EON SE, Germany’s biggest utility, said profit will be in the lower end of its forecast range for 2013 as it reported a 52 percent decline in profit in the first nine months of the year.
Underlying net income, the measure EON uses to calculate its dividend, fell to 1.91 billion euros ($2.57 billion) from 4.02 billion euros a year earlier, the Dusseldorf-based company said today in a statement. That missed the 1.94 billion-euro average estimate of five analysts surveyed by Bloomberg.

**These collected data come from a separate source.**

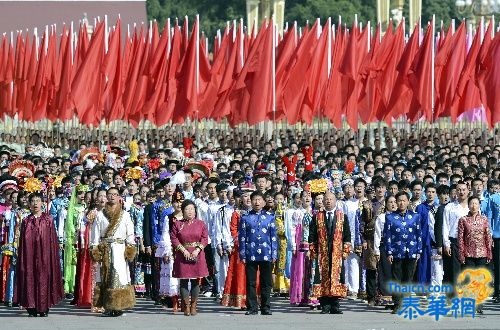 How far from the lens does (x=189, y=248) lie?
15656mm

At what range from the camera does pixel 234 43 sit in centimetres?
3045

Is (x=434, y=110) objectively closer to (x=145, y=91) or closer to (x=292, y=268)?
(x=145, y=91)

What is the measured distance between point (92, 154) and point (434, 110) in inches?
260

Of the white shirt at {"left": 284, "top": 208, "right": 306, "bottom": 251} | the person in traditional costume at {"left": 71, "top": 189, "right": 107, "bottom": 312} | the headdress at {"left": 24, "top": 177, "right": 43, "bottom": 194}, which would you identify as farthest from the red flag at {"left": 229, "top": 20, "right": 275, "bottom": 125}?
the headdress at {"left": 24, "top": 177, "right": 43, "bottom": 194}

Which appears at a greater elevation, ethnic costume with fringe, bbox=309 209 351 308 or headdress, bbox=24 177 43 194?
headdress, bbox=24 177 43 194

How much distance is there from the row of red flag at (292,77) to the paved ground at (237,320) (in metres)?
11.9

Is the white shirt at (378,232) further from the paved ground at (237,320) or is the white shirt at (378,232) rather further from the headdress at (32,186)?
the headdress at (32,186)

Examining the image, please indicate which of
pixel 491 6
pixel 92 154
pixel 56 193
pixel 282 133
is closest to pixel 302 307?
pixel 56 193

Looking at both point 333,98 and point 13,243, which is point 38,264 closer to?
point 13,243

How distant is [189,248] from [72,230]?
7.44 feet

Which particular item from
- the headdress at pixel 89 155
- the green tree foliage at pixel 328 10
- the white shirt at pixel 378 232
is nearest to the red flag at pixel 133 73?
the headdress at pixel 89 155

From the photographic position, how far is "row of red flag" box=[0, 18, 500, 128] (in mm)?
28234

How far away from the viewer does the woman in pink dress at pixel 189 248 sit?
15.6 metres

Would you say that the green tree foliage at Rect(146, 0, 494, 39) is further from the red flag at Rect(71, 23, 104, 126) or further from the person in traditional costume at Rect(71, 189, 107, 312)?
the person in traditional costume at Rect(71, 189, 107, 312) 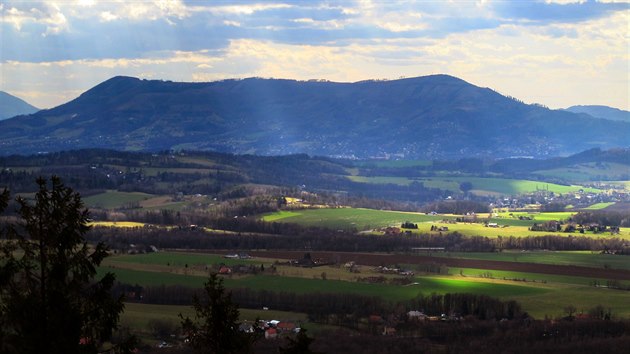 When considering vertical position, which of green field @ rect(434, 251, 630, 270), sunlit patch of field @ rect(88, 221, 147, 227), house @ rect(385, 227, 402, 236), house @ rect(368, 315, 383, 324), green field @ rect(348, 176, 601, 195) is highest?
green field @ rect(348, 176, 601, 195)

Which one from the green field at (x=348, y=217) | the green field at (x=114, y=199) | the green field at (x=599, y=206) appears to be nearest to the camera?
the green field at (x=348, y=217)

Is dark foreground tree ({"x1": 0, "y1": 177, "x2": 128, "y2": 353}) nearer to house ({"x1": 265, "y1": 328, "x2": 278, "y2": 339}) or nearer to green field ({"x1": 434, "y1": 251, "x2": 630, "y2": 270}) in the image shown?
house ({"x1": 265, "y1": 328, "x2": 278, "y2": 339})

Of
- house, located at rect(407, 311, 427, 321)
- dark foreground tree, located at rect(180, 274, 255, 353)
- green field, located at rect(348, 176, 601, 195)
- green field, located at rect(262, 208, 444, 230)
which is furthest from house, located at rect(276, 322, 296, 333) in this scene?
green field, located at rect(348, 176, 601, 195)

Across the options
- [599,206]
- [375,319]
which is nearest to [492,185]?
[599,206]

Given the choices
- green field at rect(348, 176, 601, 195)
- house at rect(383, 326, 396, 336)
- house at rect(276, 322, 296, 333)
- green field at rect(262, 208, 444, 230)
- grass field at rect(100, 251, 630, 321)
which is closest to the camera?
house at rect(276, 322, 296, 333)

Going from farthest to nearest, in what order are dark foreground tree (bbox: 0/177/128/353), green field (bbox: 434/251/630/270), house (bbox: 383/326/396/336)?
green field (bbox: 434/251/630/270), house (bbox: 383/326/396/336), dark foreground tree (bbox: 0/177/128/353)

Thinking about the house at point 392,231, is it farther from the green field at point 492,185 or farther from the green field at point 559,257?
the green field at point 492,185

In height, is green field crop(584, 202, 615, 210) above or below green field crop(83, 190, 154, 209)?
above

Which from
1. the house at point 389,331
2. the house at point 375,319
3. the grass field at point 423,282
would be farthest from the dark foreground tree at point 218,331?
the grass field at point 423,282

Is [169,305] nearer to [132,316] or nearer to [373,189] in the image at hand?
[132,316]

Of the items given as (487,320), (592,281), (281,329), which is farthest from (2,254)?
(592,281) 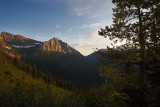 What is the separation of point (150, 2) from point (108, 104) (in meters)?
5.38

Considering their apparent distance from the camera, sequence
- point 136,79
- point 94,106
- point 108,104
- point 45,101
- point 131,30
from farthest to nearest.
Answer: point 131,30, point 136,79, point 94,106, point 108,104, point 45,101

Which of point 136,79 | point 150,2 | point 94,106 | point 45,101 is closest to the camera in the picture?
point 45,101

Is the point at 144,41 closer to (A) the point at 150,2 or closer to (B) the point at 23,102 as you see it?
(A) the point at 150,2

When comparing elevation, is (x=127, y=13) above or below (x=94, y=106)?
above

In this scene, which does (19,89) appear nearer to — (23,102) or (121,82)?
(23,102)

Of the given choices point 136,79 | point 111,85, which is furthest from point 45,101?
point 136,79

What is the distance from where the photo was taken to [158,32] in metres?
5.18

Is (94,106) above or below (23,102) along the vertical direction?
below

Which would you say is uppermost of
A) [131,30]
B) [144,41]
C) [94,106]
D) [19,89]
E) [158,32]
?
[131,30]

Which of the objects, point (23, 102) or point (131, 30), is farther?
point (131, 30)

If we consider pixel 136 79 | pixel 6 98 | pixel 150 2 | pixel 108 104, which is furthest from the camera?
pixel 136 79

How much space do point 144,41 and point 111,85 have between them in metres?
3.05

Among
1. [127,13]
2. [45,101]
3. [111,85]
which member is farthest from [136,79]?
[45,101]

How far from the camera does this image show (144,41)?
216 inches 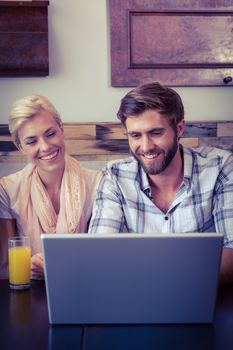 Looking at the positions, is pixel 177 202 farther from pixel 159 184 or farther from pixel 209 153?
pixel 209 153

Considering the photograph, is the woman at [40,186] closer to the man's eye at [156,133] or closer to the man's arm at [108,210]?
the man's arm at [108,210]

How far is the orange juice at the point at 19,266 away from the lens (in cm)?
147

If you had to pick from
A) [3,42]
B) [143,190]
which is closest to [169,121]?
[143,190]

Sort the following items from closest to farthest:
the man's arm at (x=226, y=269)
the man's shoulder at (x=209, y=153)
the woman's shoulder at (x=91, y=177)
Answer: the man's arm at (x=226, y=269)
the man's shoulder at (x=209, y=153)
the woman's shoulder at (x=91, y=177)

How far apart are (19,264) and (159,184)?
1.99ft

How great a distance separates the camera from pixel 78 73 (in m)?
2.48

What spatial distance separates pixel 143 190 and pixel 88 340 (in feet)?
2.79

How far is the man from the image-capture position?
180 centimetres

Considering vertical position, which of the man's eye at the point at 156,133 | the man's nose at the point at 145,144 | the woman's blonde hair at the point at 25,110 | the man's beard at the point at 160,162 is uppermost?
the woman's blonde hair at the point at 25,110

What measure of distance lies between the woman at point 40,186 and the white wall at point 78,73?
376 millimetres

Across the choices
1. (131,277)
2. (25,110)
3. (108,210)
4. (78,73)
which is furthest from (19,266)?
(78,73)

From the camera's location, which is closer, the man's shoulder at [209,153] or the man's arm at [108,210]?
the man's arm at [108,210]

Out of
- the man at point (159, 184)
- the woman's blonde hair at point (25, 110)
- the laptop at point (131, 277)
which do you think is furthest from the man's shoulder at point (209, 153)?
the laptop at point (131, 277)

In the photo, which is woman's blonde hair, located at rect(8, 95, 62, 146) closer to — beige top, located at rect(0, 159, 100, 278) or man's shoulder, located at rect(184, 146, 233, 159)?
beige top, located at rect(0, 159, 100, 278) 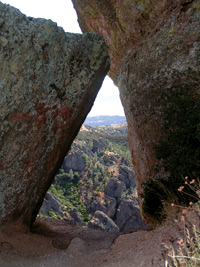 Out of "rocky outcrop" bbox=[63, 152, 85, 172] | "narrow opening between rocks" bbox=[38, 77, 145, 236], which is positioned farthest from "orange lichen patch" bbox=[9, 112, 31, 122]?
"rocky outcrop" bbox=[63, 152, 85, 172]

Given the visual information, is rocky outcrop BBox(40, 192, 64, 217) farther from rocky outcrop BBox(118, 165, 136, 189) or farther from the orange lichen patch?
the orange lichen patch

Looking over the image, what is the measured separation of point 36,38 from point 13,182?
4.00 metres

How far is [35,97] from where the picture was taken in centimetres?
602

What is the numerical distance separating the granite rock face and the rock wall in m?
3.14

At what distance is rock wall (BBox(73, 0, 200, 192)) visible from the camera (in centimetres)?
846

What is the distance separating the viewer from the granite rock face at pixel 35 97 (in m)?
5.72

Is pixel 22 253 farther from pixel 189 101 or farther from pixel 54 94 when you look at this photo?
pixel 189 101

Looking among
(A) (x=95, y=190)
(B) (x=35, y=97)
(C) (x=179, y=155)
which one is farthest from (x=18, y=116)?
(A) (x=95, y=190)

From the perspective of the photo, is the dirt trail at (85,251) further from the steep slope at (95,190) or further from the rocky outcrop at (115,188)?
the rocky outcrop at (115,188)

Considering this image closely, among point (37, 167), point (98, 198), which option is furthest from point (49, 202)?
point (37, 167)

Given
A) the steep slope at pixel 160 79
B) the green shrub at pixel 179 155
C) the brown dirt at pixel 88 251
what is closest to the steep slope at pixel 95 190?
the steep slope at pixel 160 79

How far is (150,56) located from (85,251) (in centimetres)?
827

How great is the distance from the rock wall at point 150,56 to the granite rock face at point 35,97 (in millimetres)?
3143

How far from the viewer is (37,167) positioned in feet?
21.1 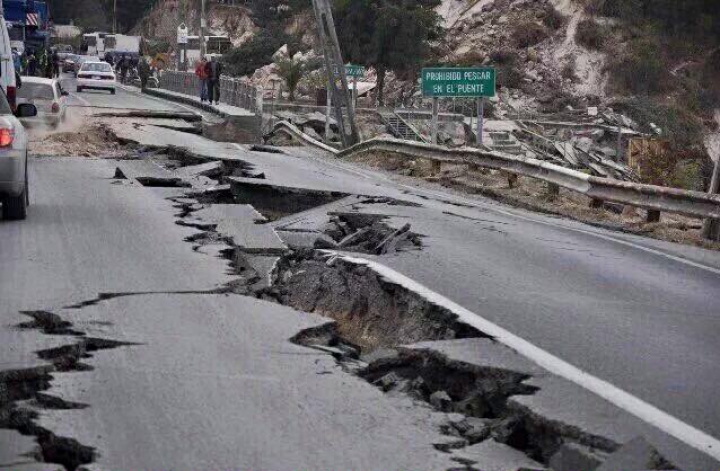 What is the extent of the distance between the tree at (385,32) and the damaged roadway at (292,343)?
47736mm

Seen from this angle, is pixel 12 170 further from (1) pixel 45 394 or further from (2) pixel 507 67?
(2) pixel 507 67

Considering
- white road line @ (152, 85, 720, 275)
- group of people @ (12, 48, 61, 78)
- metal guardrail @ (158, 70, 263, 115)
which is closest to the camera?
white road line @ (152, 85, 720, 275)

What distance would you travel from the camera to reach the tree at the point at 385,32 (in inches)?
2387

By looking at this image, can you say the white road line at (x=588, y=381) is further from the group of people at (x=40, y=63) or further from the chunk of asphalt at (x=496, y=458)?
the group of people at (x=40, y=63)

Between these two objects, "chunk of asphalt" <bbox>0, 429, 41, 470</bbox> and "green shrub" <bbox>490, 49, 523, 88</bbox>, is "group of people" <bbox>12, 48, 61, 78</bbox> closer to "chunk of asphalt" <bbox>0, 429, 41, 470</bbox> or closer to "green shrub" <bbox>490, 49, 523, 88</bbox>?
"green shrub" <bbox>490, 49, 523, 88</bbox>

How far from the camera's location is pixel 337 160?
27688 mm

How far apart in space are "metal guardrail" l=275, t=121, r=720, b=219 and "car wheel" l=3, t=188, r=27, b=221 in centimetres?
778

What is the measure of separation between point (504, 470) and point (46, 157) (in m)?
18.0

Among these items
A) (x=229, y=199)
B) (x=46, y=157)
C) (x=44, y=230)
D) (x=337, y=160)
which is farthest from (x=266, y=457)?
(x=337, y=160)

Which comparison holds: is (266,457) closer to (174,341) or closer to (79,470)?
(79,470)

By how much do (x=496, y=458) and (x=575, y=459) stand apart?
1.05ft

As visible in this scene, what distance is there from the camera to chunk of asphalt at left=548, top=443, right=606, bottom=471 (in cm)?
480

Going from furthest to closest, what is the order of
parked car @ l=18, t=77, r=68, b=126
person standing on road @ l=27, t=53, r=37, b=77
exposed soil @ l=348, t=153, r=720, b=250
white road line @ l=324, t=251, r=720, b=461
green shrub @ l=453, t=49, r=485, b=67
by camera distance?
green shrub @ l=453, t=49, r=485, b=67 → person standing on road @ l=27, t=53, r=37, b=77 → parked car @ l=18, t=77, r=68, b=126 → exposed soil @ l=348, t=153, r=720, b=250 → white road line @ l=324, t=251, r=720, b=461

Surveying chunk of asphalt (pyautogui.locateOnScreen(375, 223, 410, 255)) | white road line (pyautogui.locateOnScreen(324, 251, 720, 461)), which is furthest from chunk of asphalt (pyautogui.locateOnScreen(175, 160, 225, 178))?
white road line (pyautogui.locateOnScreen(324, 251, 720, 461))
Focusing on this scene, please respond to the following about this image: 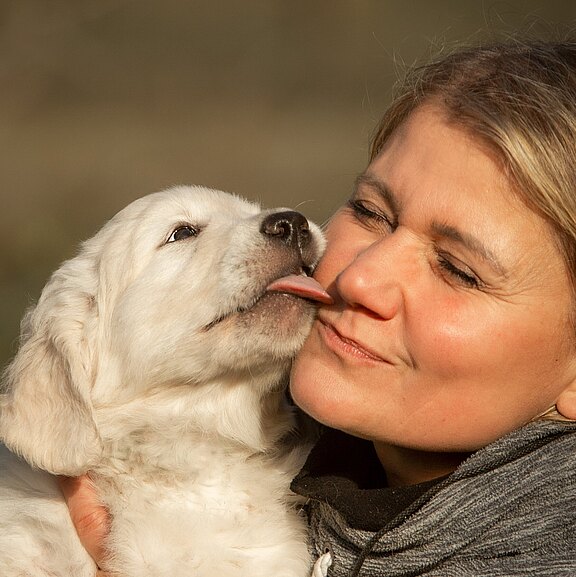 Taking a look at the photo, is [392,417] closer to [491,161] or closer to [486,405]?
[486,405]

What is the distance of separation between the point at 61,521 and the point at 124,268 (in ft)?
2.76

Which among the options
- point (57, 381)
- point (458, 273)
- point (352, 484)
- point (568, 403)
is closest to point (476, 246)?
point (458, 273)

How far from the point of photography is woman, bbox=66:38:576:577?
2.47 metres

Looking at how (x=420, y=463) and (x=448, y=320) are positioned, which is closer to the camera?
(x=448, y=320)

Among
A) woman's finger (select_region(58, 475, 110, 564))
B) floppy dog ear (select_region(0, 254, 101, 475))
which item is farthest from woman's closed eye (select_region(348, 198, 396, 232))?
woman's finger (select_region(58, 475, 110, 564))

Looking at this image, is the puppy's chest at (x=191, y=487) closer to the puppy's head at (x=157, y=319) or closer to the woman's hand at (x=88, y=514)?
the woman's hand at (x=88, y=514)

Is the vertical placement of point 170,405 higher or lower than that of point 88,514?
higher

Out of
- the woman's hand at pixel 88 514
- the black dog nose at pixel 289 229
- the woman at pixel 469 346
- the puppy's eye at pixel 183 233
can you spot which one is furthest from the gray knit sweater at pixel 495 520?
the puppy's eye at pixel 183 233

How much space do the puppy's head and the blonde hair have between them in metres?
0.58

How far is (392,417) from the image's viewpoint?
2592 mm

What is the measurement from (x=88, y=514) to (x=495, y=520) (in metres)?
1.21

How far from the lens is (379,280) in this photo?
254 centimetres

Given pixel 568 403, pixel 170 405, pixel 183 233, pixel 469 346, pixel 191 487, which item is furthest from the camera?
pixel 183 233

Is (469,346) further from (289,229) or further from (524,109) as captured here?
(289,229) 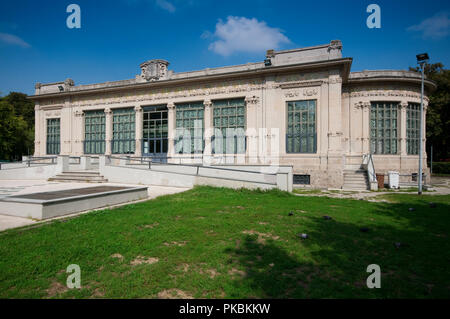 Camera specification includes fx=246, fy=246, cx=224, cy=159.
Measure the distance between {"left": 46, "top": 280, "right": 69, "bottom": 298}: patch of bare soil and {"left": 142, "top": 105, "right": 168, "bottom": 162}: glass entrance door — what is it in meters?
18.6

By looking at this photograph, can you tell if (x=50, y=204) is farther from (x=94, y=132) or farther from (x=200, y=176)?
(x=94, y=132)

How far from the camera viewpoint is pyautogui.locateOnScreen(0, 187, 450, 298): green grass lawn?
341cm

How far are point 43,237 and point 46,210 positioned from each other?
218 cm

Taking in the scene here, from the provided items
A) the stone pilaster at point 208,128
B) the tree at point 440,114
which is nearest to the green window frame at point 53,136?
the stone pilaster at point 208,128

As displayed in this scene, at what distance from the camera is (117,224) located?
6484mm

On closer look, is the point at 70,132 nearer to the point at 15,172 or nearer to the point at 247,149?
the point at 15,172

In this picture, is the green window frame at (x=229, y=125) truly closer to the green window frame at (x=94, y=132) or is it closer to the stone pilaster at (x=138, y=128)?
the stone pilaster at (x=138, y=128)

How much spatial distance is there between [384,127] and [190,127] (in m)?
15.9

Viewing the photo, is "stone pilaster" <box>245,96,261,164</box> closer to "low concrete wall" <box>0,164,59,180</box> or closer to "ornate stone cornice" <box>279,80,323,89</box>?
"ornate stone cornice" <box>279,80,323,89</box>

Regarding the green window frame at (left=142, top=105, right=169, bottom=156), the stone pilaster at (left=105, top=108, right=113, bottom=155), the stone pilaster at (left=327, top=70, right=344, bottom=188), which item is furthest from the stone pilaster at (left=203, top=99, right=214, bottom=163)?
the stone pilaster at (left=105, top=108, right=113, bottom=155)

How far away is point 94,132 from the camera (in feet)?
81.1

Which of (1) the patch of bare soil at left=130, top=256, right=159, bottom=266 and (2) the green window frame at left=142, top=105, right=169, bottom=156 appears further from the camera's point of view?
(2) the green window frame at left=142, top=105, right=169, bottom=156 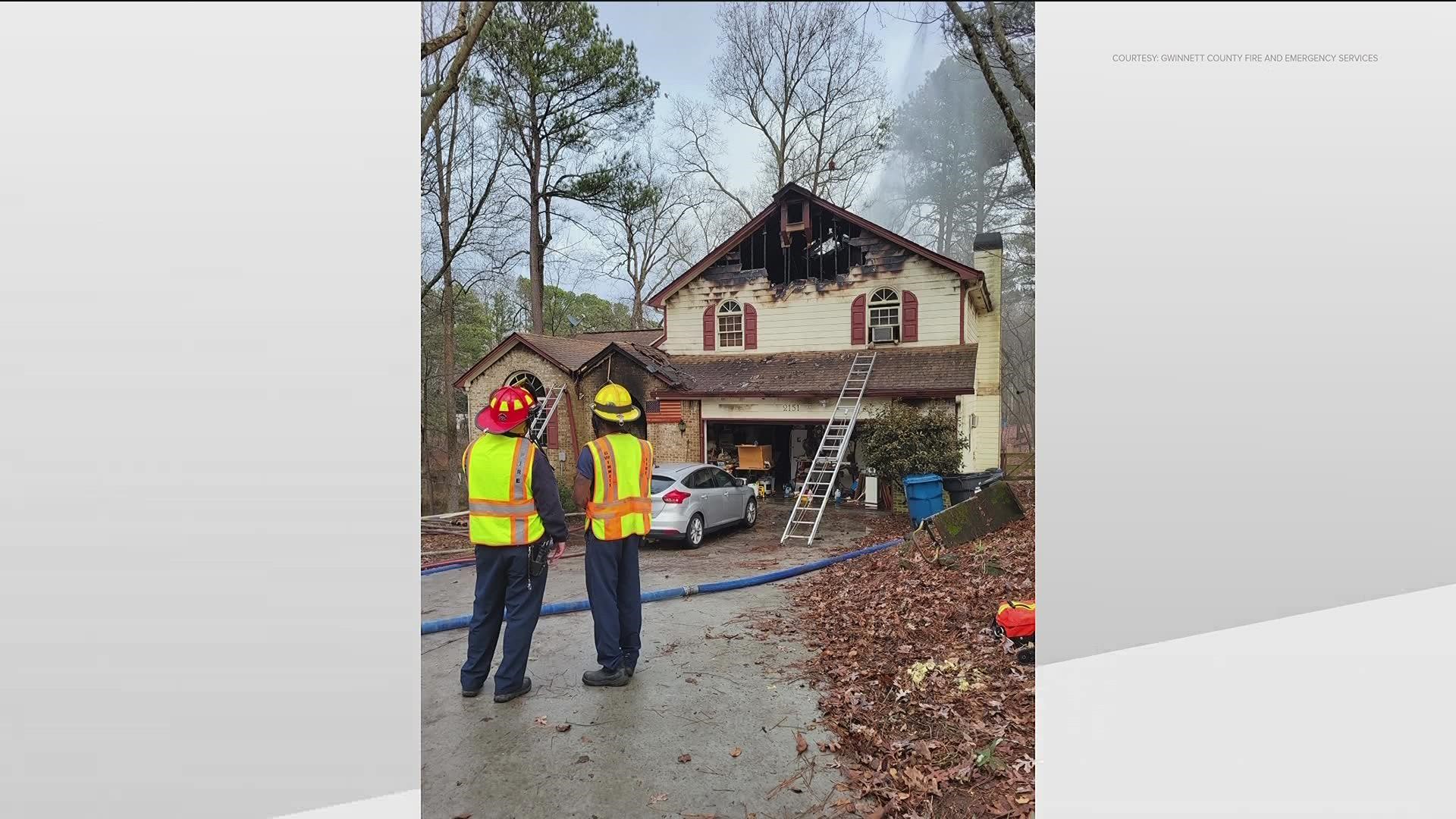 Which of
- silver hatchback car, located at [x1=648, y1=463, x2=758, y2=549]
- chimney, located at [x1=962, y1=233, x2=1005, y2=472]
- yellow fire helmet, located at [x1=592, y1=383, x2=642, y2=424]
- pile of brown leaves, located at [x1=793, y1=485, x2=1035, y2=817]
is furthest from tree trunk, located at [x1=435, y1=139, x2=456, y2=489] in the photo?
chimney, located at [x1=962, y1=233, x2=1005, y2=472]

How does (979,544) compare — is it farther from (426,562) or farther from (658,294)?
(426,562)

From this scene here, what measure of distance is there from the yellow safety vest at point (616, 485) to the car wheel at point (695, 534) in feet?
8.73

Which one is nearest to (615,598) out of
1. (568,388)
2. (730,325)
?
(568,388)

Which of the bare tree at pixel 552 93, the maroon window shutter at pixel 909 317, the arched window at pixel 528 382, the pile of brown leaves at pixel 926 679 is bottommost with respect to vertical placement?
the pile of brown leaves at pixel 926 679

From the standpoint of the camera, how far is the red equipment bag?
10.3 feet

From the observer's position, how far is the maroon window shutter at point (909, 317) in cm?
416

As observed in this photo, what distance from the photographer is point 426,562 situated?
3.40m

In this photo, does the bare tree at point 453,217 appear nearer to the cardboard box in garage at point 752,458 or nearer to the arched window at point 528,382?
the arched window at point 528,382

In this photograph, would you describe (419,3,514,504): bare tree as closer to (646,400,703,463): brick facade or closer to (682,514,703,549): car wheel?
(646,400,703,463): brick facade

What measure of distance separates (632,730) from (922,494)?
14.4 ft

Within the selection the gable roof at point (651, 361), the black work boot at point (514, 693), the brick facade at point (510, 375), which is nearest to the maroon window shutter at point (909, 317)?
the gable roof at point (651, 361) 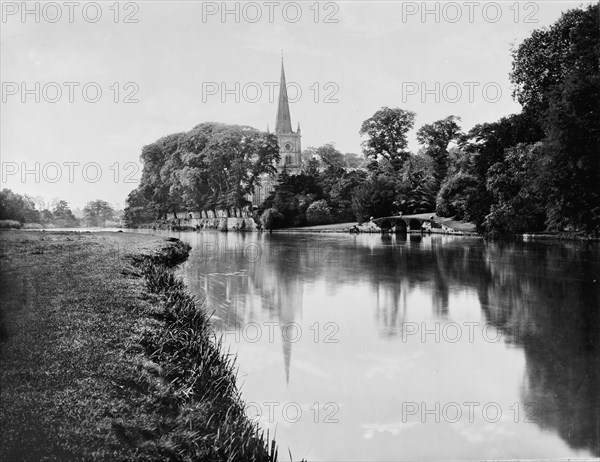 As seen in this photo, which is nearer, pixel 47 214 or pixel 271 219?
pixel 47 214

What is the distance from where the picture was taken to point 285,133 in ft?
89.9

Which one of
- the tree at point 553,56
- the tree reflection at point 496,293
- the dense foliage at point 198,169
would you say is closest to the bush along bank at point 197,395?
the tree reflection at point 496,293

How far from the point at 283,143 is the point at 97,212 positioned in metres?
15.6

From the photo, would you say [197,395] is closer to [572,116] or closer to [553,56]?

Sales dropped 4.6 percent to 89.3 billion euros.
European utilities are contending with slower economic growth and stagnant demand, as well as Germany’s planned exit from nuclear power by 2022. The company, expanding abroad to counter a weaker home market, plans to reduce capital spending and is selling assets to cut costs.
EON, which last year scrapped profit forecasts for 2013, today narrowed its target for underlying net income to 2.2 billion euros to 2.4 billion euros from 2.2 billion euros to 2.6 billion euros previously.
“These numbers reflect the fact that the ramifications of the transformation of Germany’s energy system, in particular the insufficient market price for conventional energy, are having a tangible adverse impact on our business,” EON Chief Executive Officer Johannes Teyssen said in a letter to shareholders.
In the third-quarter, EON reported an underlying net loss of 4 million euros compared to an underlying net income of 719 million euros a year earlier. Sales retreated 13 percent to 24.7 billion euros. Both numbers were calculated by subtracting half-year earnings from nine-month results published today.